According to archeological findings, Tonacatepeque was first founded as a small settlement by the Pipil people in mountains just south of its current location. Under the Pipil people, Tonacatepeque was likely a small, minor chiefdom threatened by possible incursions by the Señorío de Cuscatlán (Lordship of Cuscatlán). During the conquest and settlement of the newly discovered Americas, an order of Franciscan missionaries attempted to convert the indigenous people, establishing a new church. The patron saint of Tonacatepeque under the Franciscan order was San Nicolás Obispo de Mira (Saint Nicholas Bishop of Myra). Hence, the burgeoning settlement took on the name San Nicolás Tonacatepeque. According to local history, around 1880 the foundations and ruins of that first Franciscan church were still visible.

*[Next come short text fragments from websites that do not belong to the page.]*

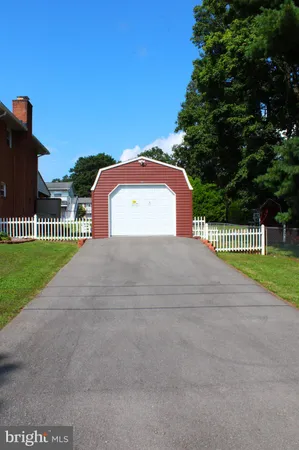 $302,900 | 14801 Connecticut Avenue, Cresaptown, MD 21502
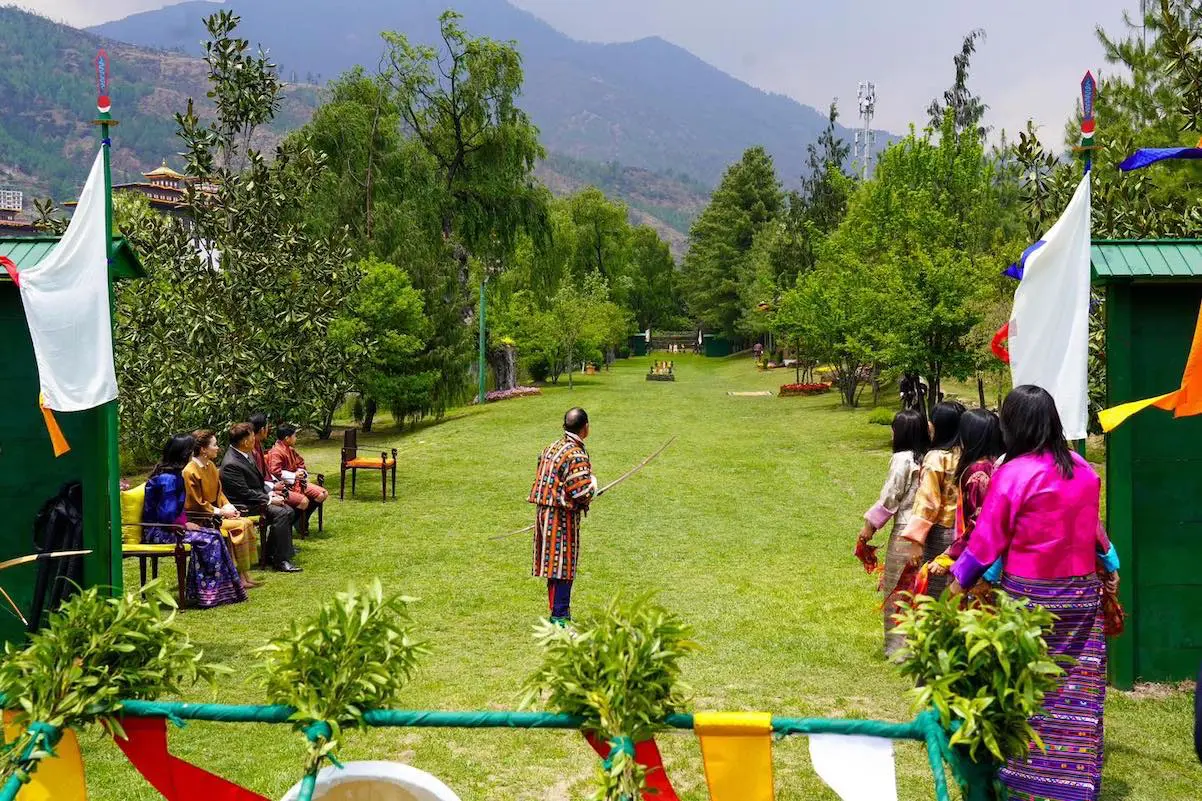 Reyes Bután con reyes de Tailandia
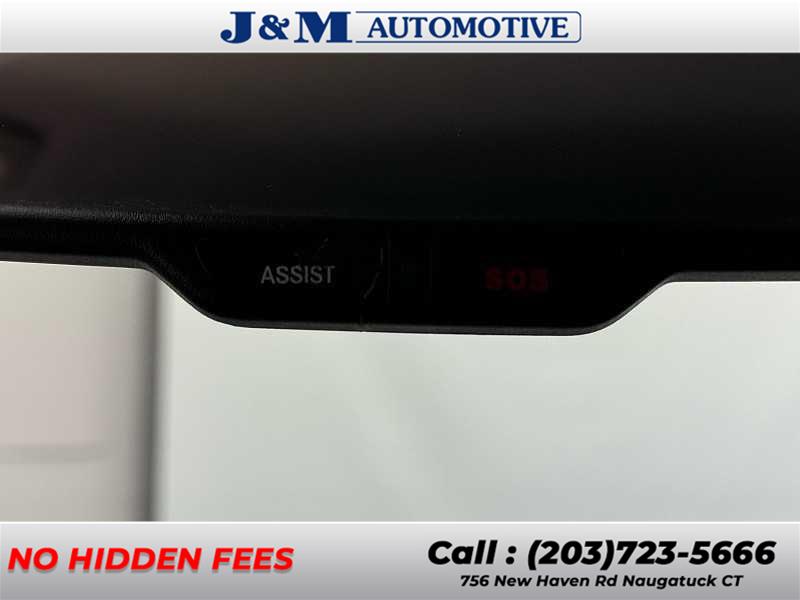 2018 Chrysler 300 Touring L, available for sale in Naugatuck, Connecticut | J&M Automotive Sls&Svc LLC. Naugatuck, Connecticut 2018 Chrysler 300 Touring L, available for sale in Naugatuck, Connecticut | J&M Automotive Sls&Svc LLC. Naugatuck, Connecticut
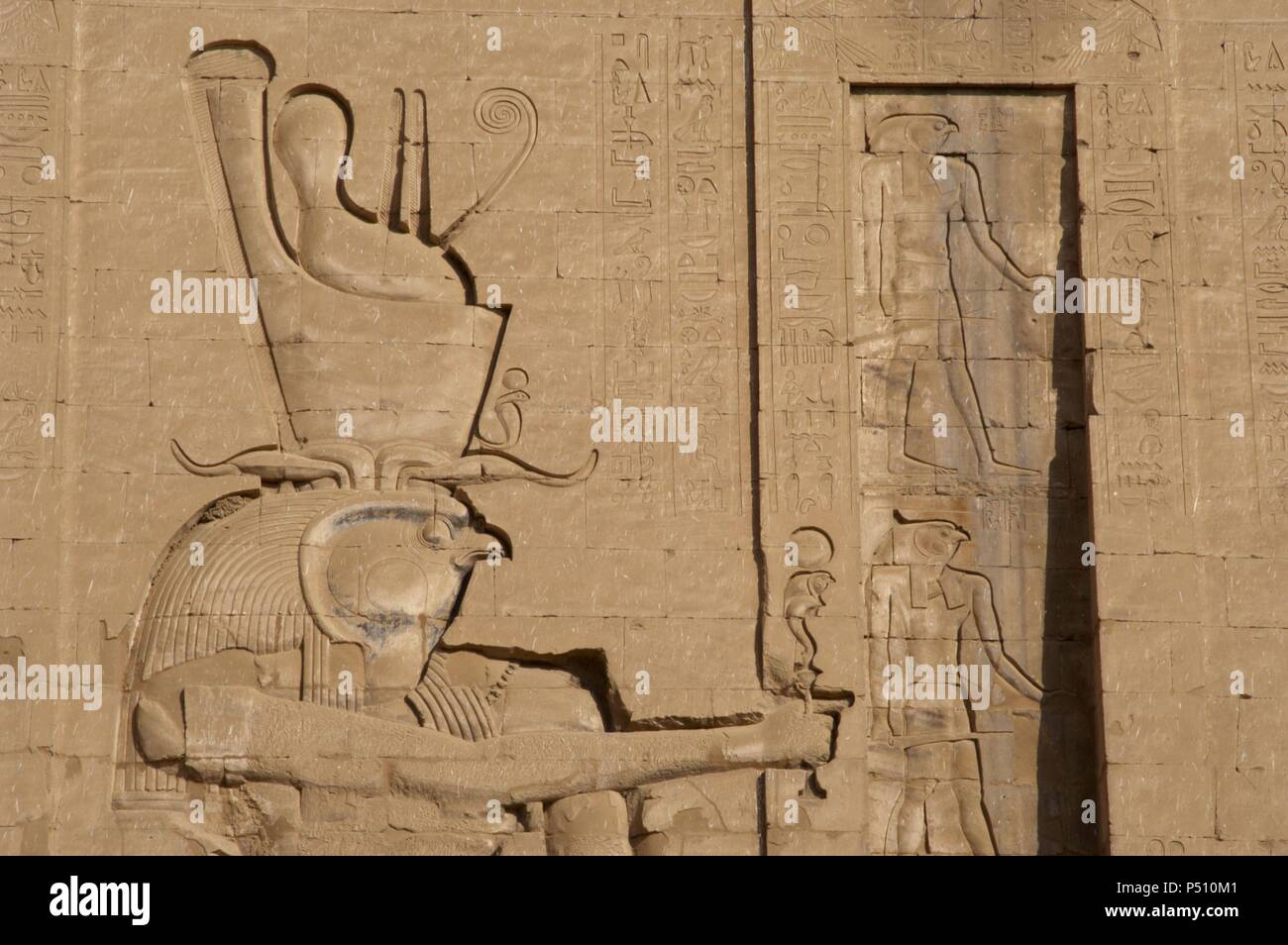 Tempio di Horus. Dio Horus con doppia corona. Ingresso principale. Primo pilone. Dettaglio. Edfu. L'Egitto. Foto Stock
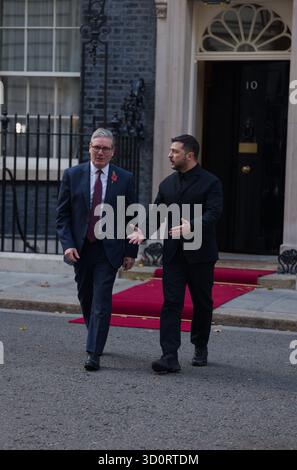 Le premier ministre britannique Keir Starmer rencontre le président ukrainien Volodymyr Zelenskyy, 10 Downing Street, Londres, 24.10. 2025 avant le sommet de la Coalition des volontaires. Banque D'Images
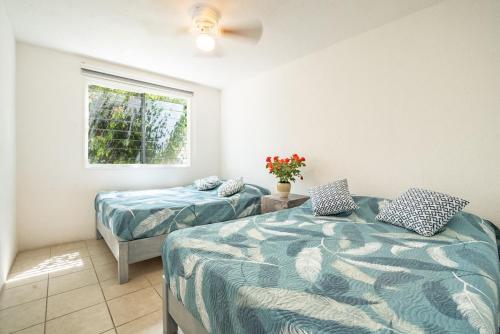 Кровать или кровати в номере Private Pool & Jacuzzi Family House, Teques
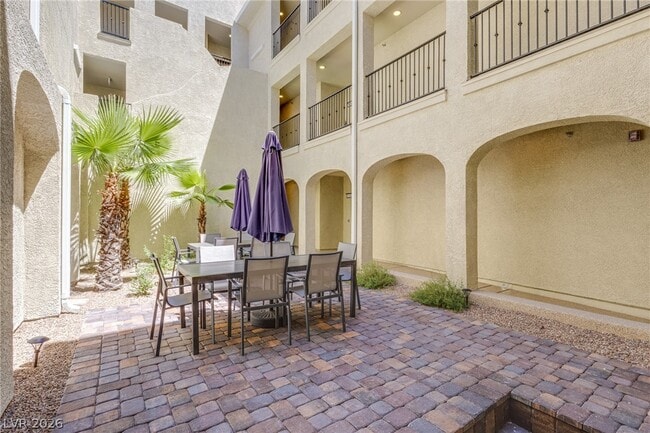 Building Photo - 2555 Hampton Rd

The current location of Tonacatepeque was established in 1560. By 1770, the town had its own established church and included annexed areas such as Soyapango, Ilopango, and the San José Guayabal Valley. At this point, the town was home to 96 families, comprising 628 people. In 1786, Tonacatepeque was integrated within the jurisdiction of San Salvador. In 1807, following a census done by Intendent Don Antonio Gutiérrez Ulloa, Tonacatepque was classified as a "pueblo" or small village, inhabited by 17 Spaniards, 718 natives, and 619 mestizos. Almost seven decades later, on March 7, 1874, the Salvadoran Legislature (under the administration of Field Marshal Santiago González) authorized the reclassification of Tonacatepeque from "pueblo" to "Villa." The title of City was conferred by legislative decree on February 6, 1878, during the administration of Dr. Rafael Zaldívar. On March 17, 1892, Tonacatepeque was made District Center by legislative decree under the administration of General Carlos Ezeta. The new administrative district included the populations of Toncatepeque, Apopa, Ilopango, San Martín, Nejapa, Guazapa, Aguilares, and El Paisnal.

==Geography==

The city of Tonacatepeque is situated on a plateau about 600 meters above sea level. It lies 18 kilometers to the northeast of El Salvador's capital, San Salvador.

Generally, the region's climate is cooler and less humid than its surrounding neighbors due to its mountainous location. However, during the months of March and April there can be influxes of heat and humidity. The region's minimum temperature is 22 °C (71.6 °F) with a maximum temperature of 28 °C (82.4 °F).